フランス遊学時代に、アナトール・フランスに感化されて、「古本露店」に足を運んだ話や、神田の古本屋でも手に入らなかった本を京都の古本屋で見つけた話、入手したあるフランス作家の本に一高生の欠席届が挟んであった話など、どれも「古本好き」にはたまらないエピソードとなっていた。
私自身、作家の「古本話」に触れたりすると、いてもたってもいられなくなって、古本屋に自転車を走らせることがある。また、近代日本の某哲学者のサインが書かれた本を手にして、「これは〇〇の蔵書だったのだろうか」と妄想したこともあった。
「古本のたのしみ」には、古本好きなら一度は経験したことのあるエピソードに満ちていた。

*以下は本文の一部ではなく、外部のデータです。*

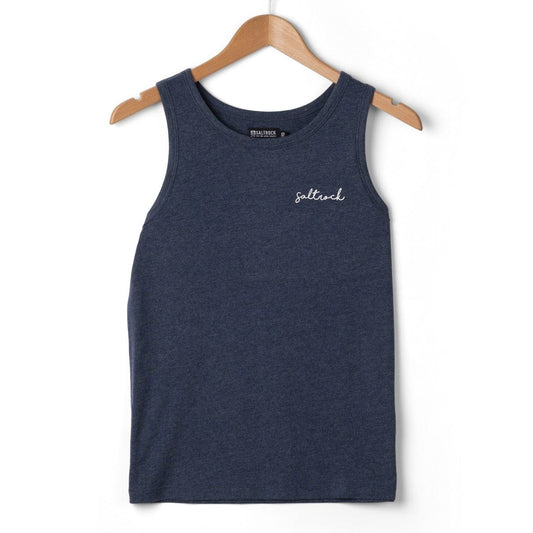 Front view of a womens Saltrock Velator essential vest in blue marl with a small chest logo on a white background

古本屋に行って、偶々、自分の本が書棚にあるのを見るのは、作家にとってあまり気持のいいものではない。
 特にそれが力をこめて書いた作品であると、
(どうして、いつまでも愛読してくれなかったのか)
 という不満が一寸、心に起るのはやむをえない。
 ウヌボれるなと自分で言いきかせてみるが、これは私だけでなく、すべての作家の気持であろう。
 逆に新本屋に行って、たまたま、私の著書を買ってくれている人を目撃すると、非常に嬉しい気のするのも人情であろう。その人の本で悦んでサインをしたい衝動にかられるぐらいである。
 逆に、しばらく私の本をとり出して、考えこんで、迷った揚句、また書棚に戻し、その隣にある別の本を買ってしまう読者をみると、
(チェッ)
 と舌打ちをするのも当然の話だ。
 作家など、聖人でも悟りをひらいた男でもないから、このくらいの感情はゆるしてもらいたい。
 いつだったか、こんなことがあった。
 Tホテルのティー・ルームでお茶をのんでいたら、一人の青年がつかつかと寄ってきて、
「あの……遠藤さんでしょうか」
 と声をかけてきた。
 私は自分の読者だと思ったから、平生の仏頂面を捨てて、出来るだけ愛想よく、
「ええ、そうですよ」
「あの……二分ほど、お話していいでしょうか」
「どうぞ、どうぞ」
 ファンは大事にせねばならぬ。私はボーイをよび、紅茶をもう一つ、彼のため注文してやったのである。
 ところが、この青年、
「遠藤さんは、北杜夫さんをよく御存知だそうですね」
「ええ。よく知っています」
「ぼくは、北さんの大ファンなんです。ですから北さんの話、きかせて下さい。あの人は実生活でもあんなに楽しい人ですか。本をよむと実に魅力的ですねえ」
 私のとってやった紅茶を飲みながら北、北と北の話ばかりする。
(チェッ)
 真実、私は胸中、舌打ちした。この紅茶代、北にまわしてやろうかと思ったぐらいだ。
「北さんて写真でも魅力的ですね」
「そうですかね」
 こちらは次第に仏頂面になっていく。
「あの人のマンボウもの、全部、持っているんです」
「そうですかね」
「実に、品のあるユーモアです」
「へえ。そうですかね」
「じゃ、ぼく、失礼しますけど」
 紅茶を飲みおわると彼は礼儀正しく頭をさげて、
「ごちそうさまでした。どうぞ、北さんにお会いになったら、健康に気をつけて、ますます、作品を書いて下さいと伝えてくれませんか」
 だれが伝えてやるもんかと、私はムッとした顔で彼を見送っていた。
 あとで考えてみると、この青年、私にわざとイヤがらせをしたのかもしれぬ。
」(P156~158)

二つ目の文章は、一作家の心情が赤裸々に語られているもので、非常に興味深い。
自分の作品が古本屋の棚に並んでいるのを見て、「どうして、いつまでも愛読してくれなかったのか」と溜息を漏らし、一方新刊書店で自著を手に取る人を見かけると、心から喜ぶ。そして、買うか買うまいか悩んで、結果的に購入しなかった人に遭遇したならば、「チェッ」と舌打ちするーー面白すぎる。
私は作家の書いた随筆や自伝などをよく読むのだが、案外自著の行く末を気にしている文章に出会ったことがない。同時代の作家や文芸評論家からの評価・批評を気にする人間は多いが、「古本屋に私の本が!!」と嘆く人間は目にしたことがなかった。もしかすると、遠藤と同じような考えを持っていた人はいたのかもしれないが、それをあえて口にするのは避けた方がいいと判断したのかもしれない。そういう意味で、今回の遠藤のエピソードは貴重であると言える。
「ファン」の最後では、遠藤周作に話しかけてきた青年が、ひたすら「北杜夫」について語り続けるという、遠藤からすれば苦々しいことこの上ないエピソードが紹介されている。「こんな失礼なことをする人間がいるのか……」と唖然とするとともに、必死に怒りを抑える遠藤周作の姿に、思わず笑ってしまった。

近いうちに、また遠藤周作の作品を読み直してみたい。